> **Exercise description**
Starting at the line that holds "Улыбка в стиле" and stopping at the line that holds "Greece starts the", restate the records below word for word, with both of those lines included.

> **Short descriptive text snippets**
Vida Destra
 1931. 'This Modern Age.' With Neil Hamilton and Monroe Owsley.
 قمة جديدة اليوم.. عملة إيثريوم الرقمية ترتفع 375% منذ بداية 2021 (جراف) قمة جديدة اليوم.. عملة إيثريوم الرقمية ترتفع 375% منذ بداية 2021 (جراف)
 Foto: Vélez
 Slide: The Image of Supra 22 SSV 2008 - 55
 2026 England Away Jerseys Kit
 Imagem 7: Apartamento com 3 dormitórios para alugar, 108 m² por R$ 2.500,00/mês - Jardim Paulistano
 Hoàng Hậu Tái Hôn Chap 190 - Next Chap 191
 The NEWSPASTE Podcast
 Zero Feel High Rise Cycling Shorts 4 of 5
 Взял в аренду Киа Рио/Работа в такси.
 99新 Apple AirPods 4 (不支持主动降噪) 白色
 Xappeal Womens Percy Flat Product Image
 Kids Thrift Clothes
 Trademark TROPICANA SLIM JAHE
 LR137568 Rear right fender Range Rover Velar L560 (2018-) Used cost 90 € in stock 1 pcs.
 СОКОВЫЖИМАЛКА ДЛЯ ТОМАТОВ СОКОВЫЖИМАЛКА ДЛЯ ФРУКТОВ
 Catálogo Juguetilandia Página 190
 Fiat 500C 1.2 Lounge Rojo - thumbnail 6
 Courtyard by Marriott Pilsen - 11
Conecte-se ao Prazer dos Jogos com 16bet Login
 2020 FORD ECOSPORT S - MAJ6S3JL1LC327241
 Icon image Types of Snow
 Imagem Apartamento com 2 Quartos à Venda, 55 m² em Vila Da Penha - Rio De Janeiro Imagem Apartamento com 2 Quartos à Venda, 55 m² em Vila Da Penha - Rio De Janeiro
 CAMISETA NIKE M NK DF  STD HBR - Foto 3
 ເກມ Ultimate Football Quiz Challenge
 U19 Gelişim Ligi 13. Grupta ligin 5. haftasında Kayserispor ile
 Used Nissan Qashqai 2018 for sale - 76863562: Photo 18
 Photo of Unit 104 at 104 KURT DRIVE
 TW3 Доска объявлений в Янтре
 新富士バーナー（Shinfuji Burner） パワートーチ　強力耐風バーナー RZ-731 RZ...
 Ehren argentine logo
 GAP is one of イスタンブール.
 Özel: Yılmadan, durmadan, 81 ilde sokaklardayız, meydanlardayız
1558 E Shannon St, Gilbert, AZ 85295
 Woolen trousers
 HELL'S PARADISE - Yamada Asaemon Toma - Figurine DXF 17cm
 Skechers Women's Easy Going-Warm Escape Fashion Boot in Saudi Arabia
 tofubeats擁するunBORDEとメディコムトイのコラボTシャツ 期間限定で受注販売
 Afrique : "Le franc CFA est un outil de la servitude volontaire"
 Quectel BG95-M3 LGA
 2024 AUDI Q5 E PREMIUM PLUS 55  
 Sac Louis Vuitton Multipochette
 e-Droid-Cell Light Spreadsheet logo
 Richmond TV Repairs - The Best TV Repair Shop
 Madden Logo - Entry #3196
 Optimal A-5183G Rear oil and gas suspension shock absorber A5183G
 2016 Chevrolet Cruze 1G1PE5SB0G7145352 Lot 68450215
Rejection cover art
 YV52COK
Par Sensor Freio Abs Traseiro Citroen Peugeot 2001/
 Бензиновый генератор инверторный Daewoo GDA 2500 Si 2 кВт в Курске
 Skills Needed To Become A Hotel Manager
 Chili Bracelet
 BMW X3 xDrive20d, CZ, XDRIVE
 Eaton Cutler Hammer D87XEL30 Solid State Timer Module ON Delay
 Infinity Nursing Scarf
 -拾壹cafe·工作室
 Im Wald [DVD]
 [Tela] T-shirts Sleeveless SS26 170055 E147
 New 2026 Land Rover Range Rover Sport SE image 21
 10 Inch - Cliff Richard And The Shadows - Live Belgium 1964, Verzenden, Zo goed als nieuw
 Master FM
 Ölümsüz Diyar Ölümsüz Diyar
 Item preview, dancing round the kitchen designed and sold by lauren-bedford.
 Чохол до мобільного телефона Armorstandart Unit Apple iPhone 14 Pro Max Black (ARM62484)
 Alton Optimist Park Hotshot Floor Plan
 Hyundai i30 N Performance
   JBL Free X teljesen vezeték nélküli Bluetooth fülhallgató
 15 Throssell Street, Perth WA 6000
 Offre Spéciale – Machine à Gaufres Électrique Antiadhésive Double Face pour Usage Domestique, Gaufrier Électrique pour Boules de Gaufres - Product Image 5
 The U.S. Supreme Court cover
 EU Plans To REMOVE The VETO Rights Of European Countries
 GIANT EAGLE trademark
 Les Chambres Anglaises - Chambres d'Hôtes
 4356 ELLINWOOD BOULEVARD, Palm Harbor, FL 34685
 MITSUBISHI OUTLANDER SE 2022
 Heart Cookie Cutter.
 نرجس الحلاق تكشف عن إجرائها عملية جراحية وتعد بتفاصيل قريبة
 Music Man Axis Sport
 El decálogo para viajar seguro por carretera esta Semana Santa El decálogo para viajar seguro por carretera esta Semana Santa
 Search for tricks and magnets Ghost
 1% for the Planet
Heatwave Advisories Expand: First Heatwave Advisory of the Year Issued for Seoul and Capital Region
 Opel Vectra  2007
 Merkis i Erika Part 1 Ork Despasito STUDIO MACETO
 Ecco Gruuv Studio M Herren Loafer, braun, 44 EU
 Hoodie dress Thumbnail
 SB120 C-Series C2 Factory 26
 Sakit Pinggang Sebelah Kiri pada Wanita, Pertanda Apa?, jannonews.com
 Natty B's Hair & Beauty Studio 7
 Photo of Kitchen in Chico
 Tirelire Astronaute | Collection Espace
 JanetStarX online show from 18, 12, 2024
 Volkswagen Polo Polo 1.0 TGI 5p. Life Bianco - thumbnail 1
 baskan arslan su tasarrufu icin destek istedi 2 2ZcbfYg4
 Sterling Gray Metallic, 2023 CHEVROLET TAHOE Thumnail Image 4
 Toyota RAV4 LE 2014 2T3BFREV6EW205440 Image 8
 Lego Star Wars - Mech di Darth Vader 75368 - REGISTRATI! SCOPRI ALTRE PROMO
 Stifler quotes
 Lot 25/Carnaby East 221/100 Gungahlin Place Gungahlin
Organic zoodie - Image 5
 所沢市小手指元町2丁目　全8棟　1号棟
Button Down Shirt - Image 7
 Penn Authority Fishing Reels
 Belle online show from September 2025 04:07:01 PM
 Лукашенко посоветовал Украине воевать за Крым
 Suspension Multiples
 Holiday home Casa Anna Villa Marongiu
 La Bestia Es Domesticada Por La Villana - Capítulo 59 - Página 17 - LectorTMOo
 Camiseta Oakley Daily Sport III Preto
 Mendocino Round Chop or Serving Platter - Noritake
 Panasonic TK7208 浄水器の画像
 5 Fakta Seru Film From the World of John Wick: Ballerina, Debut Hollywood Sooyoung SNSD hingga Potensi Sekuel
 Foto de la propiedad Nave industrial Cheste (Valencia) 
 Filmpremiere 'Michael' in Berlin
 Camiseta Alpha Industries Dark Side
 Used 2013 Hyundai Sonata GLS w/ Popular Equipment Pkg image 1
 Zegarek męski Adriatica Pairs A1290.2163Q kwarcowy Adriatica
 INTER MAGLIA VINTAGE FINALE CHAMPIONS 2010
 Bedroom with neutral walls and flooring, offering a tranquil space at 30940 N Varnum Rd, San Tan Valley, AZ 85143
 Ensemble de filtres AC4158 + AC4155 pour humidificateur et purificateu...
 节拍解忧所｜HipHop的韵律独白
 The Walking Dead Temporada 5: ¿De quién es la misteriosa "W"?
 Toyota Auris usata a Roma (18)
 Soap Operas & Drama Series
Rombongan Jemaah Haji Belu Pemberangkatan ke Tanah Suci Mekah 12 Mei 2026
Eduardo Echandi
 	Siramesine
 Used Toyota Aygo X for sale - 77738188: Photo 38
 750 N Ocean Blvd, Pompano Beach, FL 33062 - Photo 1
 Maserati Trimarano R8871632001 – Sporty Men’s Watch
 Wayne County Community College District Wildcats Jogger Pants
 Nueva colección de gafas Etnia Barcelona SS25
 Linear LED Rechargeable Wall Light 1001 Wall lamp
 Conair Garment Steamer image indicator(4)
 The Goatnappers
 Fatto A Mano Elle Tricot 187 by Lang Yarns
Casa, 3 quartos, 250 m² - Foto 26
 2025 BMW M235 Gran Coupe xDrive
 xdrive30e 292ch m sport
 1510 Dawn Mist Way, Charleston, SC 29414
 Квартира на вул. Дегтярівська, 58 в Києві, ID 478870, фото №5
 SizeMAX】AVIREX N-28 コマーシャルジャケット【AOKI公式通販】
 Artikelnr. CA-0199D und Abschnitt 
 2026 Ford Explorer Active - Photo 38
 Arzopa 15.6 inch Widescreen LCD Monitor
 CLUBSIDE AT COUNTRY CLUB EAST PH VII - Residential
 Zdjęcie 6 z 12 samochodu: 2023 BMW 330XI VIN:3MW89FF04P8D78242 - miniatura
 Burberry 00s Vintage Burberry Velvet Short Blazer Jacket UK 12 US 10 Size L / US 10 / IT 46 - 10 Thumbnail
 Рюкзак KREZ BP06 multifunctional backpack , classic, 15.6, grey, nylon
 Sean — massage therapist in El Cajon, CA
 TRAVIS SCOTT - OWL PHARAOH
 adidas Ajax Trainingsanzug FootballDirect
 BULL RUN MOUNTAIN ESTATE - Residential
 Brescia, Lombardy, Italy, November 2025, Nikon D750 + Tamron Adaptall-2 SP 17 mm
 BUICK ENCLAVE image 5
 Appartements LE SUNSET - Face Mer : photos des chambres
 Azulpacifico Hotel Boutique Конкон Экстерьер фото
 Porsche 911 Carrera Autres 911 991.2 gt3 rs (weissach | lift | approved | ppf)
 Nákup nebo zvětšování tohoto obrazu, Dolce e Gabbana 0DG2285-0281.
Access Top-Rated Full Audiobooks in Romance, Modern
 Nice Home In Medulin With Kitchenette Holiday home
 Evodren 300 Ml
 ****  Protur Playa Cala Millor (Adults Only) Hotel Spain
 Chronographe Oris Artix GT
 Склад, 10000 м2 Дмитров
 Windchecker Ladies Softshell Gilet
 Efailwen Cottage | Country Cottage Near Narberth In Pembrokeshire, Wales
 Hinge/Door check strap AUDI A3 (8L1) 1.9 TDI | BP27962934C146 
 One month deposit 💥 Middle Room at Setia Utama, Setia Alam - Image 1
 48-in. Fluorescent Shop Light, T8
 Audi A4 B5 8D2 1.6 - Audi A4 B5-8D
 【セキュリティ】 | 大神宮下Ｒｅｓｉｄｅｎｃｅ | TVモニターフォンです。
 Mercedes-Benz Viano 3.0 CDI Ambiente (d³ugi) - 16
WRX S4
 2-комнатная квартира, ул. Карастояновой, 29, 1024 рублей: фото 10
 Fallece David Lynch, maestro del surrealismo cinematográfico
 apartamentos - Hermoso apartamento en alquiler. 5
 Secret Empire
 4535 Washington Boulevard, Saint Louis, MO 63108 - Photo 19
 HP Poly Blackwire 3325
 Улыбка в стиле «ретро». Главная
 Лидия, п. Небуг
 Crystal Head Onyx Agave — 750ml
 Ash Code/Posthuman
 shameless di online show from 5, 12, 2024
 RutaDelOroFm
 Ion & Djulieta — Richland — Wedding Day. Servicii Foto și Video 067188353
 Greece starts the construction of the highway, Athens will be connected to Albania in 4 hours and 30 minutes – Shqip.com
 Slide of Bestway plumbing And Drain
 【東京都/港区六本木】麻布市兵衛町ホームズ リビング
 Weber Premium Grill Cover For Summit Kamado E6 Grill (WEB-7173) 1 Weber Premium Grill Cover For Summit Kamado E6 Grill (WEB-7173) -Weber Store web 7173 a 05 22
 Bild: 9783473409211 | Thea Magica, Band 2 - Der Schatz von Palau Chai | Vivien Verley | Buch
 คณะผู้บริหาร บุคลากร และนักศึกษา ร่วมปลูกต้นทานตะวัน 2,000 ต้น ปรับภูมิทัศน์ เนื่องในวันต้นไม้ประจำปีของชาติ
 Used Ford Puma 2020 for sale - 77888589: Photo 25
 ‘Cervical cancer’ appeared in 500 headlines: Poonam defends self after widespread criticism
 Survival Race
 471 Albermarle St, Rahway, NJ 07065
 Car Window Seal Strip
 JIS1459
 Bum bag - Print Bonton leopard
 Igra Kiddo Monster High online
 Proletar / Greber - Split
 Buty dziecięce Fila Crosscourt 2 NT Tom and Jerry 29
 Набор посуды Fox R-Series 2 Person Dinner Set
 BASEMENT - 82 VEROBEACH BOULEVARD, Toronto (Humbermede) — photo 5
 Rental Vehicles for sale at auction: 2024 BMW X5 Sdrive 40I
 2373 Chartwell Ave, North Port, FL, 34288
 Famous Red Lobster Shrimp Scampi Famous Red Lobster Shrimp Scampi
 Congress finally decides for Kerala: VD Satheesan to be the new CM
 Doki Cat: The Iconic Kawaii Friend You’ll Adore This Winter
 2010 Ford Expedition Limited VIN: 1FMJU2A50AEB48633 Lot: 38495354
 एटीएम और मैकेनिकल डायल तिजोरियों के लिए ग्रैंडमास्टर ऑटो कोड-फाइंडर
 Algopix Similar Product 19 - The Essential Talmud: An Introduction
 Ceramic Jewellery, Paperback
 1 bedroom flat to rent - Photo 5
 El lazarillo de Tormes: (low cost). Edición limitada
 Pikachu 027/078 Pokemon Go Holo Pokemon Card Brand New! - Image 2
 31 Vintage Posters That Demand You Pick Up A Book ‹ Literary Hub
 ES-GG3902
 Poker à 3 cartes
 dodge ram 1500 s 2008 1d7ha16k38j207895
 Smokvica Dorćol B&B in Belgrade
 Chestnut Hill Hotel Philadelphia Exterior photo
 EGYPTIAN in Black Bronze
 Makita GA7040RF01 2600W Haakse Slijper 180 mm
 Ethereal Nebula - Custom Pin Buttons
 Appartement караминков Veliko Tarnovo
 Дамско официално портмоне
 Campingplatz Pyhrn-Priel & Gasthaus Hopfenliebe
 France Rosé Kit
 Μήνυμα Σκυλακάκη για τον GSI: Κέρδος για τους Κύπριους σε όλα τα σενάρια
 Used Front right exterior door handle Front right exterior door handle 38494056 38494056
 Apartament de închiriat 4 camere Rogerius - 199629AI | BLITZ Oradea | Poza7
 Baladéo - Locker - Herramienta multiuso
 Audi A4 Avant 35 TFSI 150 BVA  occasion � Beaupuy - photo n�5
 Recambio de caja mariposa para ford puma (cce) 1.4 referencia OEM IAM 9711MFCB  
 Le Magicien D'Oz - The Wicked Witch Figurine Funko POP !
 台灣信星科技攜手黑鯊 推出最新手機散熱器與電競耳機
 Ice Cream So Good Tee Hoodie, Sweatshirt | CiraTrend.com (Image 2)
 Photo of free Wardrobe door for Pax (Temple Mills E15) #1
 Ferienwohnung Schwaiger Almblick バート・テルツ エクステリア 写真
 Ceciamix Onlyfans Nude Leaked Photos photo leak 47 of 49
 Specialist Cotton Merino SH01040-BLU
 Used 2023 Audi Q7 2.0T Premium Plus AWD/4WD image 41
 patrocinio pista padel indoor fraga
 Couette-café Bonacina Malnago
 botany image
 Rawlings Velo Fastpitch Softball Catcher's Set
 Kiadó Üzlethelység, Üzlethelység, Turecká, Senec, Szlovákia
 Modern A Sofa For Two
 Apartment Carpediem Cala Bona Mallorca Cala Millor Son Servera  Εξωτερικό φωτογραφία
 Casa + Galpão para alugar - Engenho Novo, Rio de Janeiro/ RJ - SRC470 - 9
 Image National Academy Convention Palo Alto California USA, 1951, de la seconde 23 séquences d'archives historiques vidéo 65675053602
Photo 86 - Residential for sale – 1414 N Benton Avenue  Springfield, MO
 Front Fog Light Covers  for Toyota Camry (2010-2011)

> **Answer to the problem**
 Улыбка в стиле «ретро». Главная
 Лидия, п. Небуг
 Crystal Head Onyx Agave — 750ml
 Ash Code/Posthuman
 shameless di online show from 5, 12, 2024
 RutaDelOroFm
 Ion & Djulieta — Richland — Wedding Day. Servicii Foto și Video 067188353
 Greece starts the construction of the highway, Athens will be connected to Albania in 4 hours and 30 minutes – Shqip.com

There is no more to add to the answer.